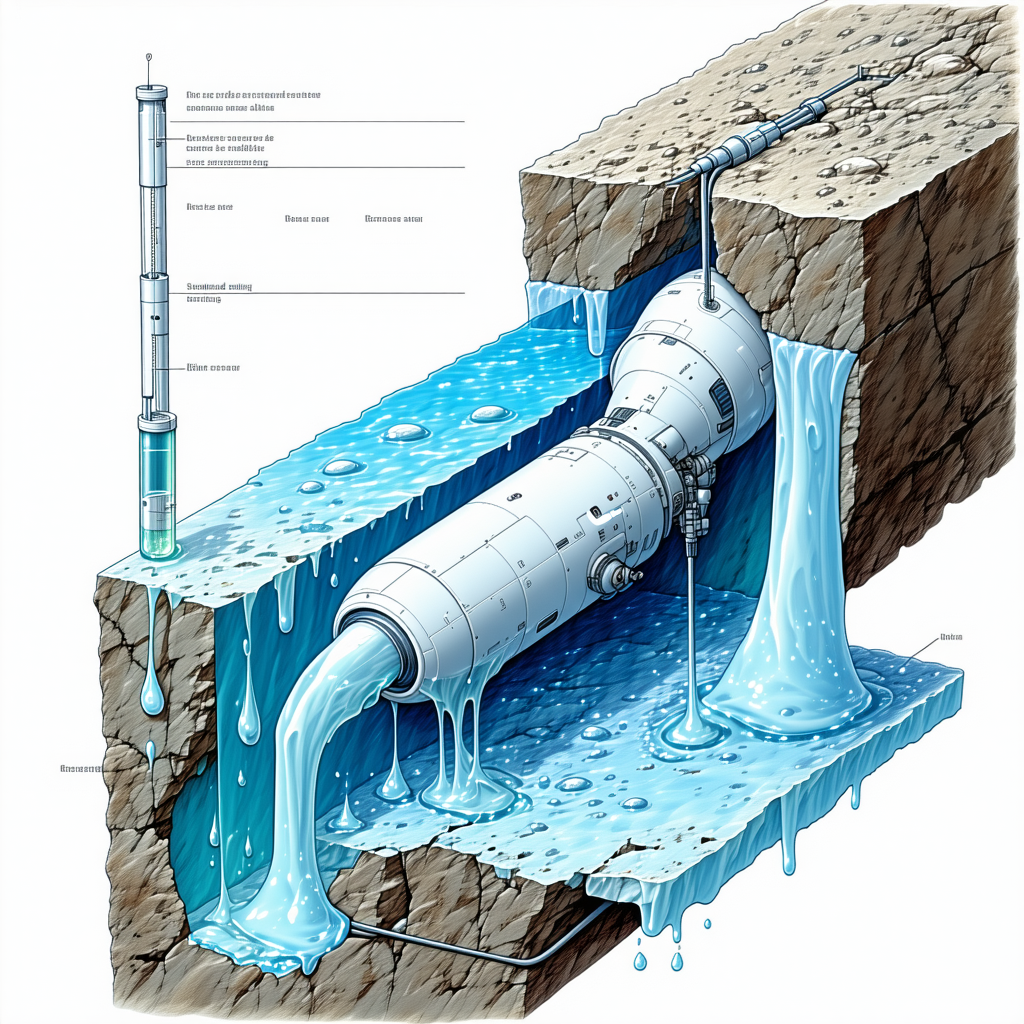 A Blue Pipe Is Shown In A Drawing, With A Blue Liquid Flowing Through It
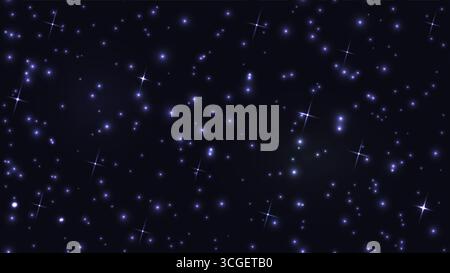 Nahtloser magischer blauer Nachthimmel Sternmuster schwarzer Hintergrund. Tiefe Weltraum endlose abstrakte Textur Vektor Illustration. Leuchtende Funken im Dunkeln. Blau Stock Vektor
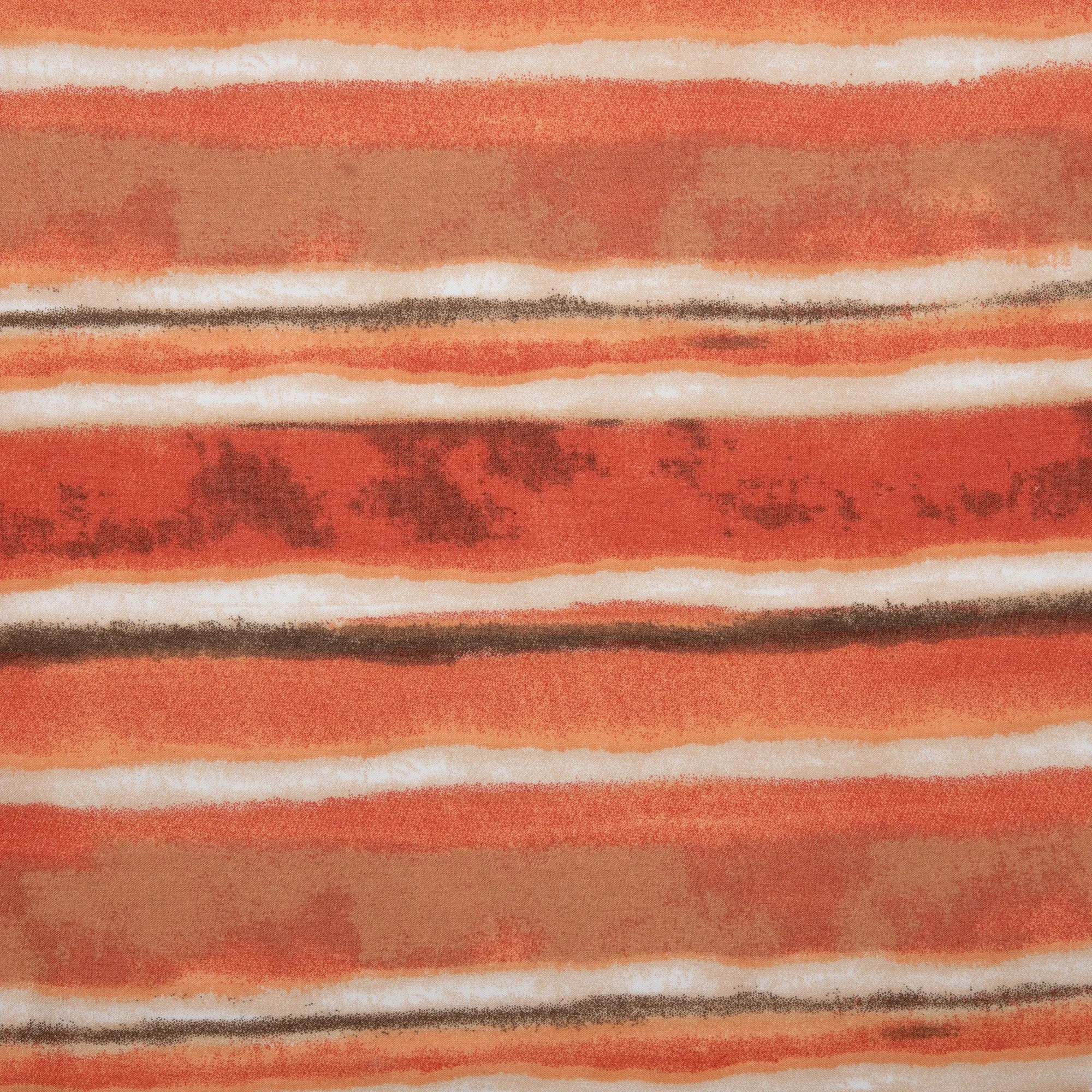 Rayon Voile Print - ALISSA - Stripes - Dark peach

━━━━

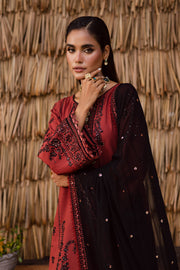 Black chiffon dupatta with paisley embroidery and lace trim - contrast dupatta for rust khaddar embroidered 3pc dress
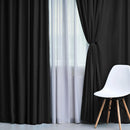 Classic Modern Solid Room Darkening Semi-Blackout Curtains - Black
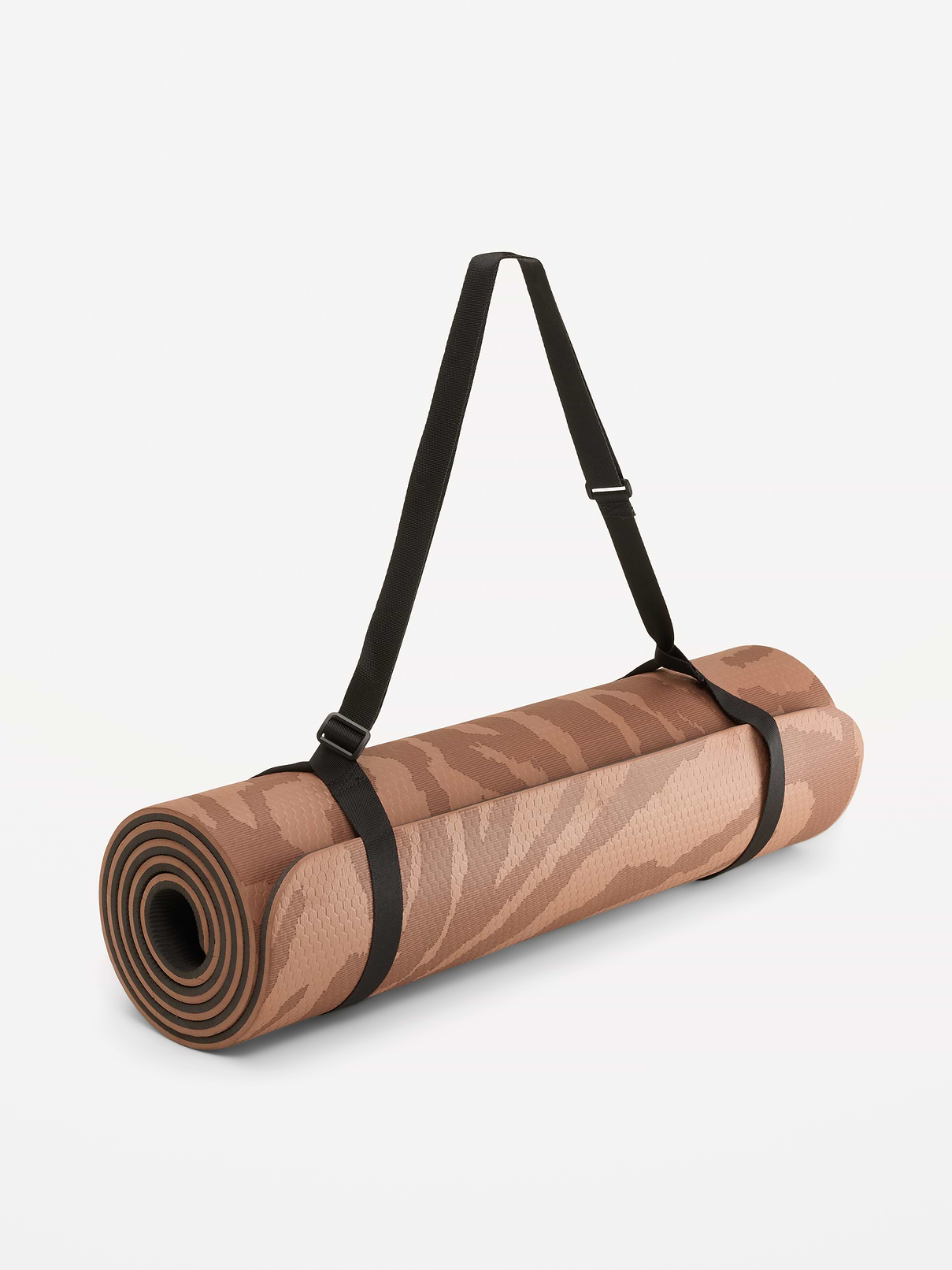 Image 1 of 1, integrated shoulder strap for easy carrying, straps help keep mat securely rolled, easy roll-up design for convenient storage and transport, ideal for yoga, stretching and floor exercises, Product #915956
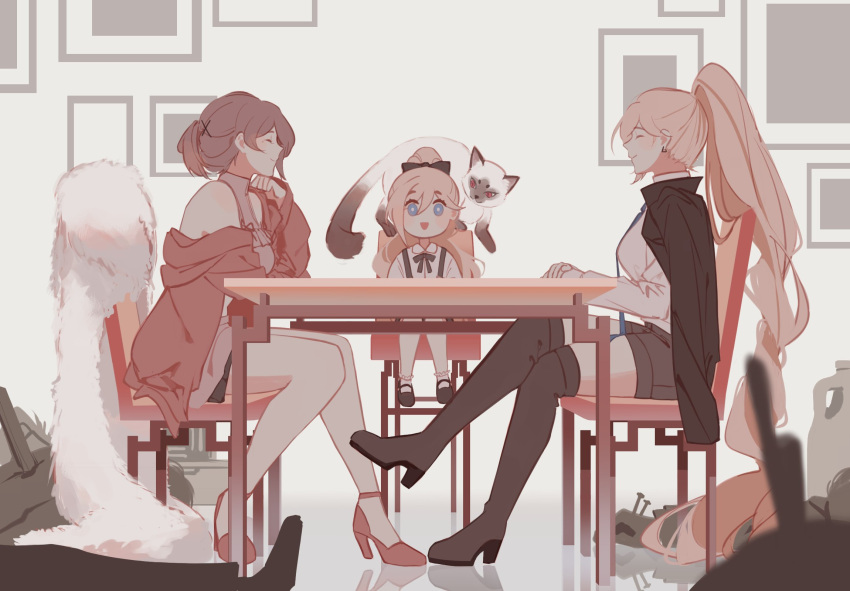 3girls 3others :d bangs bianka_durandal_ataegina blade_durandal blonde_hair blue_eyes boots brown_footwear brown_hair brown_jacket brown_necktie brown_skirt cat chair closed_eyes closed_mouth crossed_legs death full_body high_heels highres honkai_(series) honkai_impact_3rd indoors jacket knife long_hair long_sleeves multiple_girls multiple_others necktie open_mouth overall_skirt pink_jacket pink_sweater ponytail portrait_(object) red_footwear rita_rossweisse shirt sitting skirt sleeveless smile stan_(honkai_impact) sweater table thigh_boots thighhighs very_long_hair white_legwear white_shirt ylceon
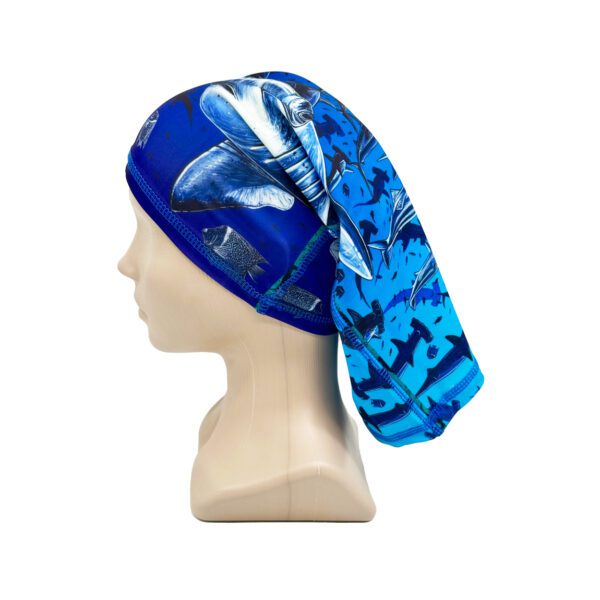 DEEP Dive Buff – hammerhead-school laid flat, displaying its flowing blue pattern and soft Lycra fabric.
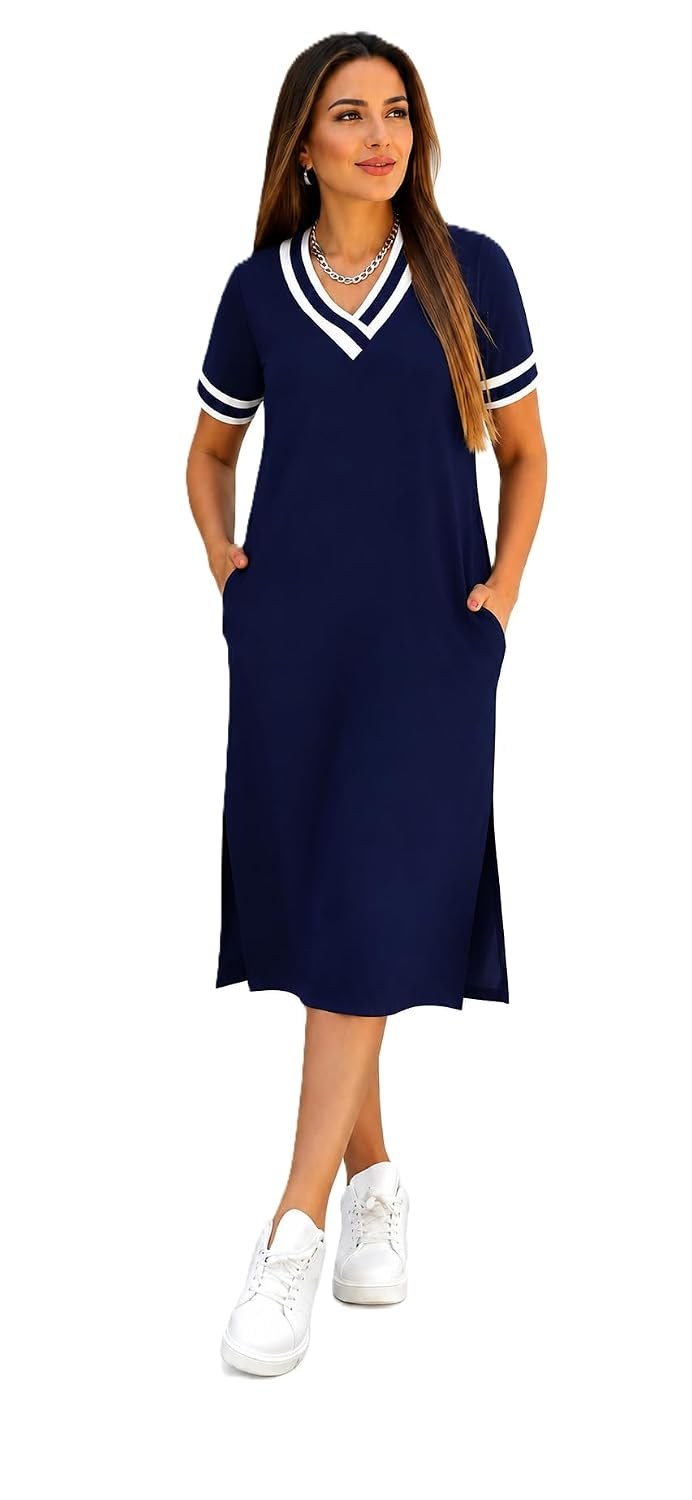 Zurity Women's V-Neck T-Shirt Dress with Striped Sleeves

━━━━

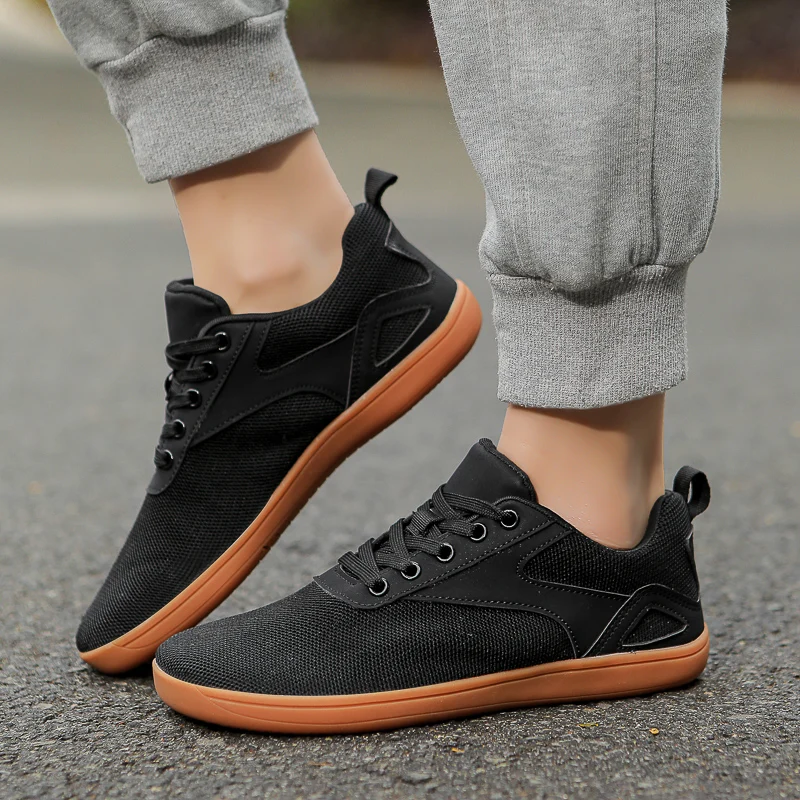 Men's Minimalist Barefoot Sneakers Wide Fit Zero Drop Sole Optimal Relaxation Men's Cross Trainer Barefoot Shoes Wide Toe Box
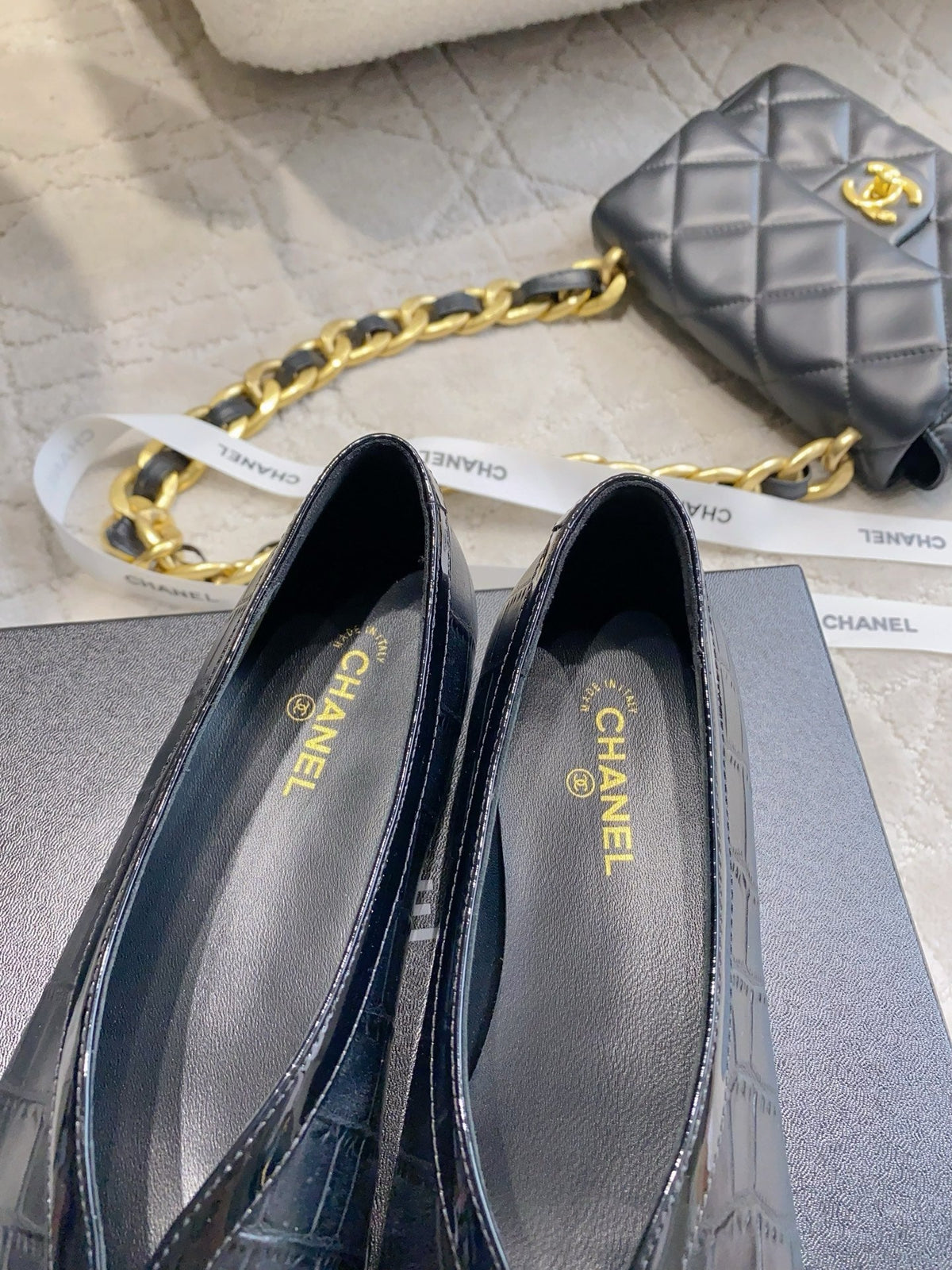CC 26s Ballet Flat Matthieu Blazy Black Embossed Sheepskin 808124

━━━━

▶ _Task_:
Skipping the pictures, print the lines in the listing above exactly as written, starting at the line with "DEEP Dive Buff" and ending at the line with "Zurity Women's V-Neck", both included.

▶ _Solution for this task_:
 DEEP Dive Buff – hammerhead-school laid flat, displaying its flowing blue pattern and soft Lycra fabric.
 Zurity Women's V-Neck T-Shirt Dress with Striped Sleeves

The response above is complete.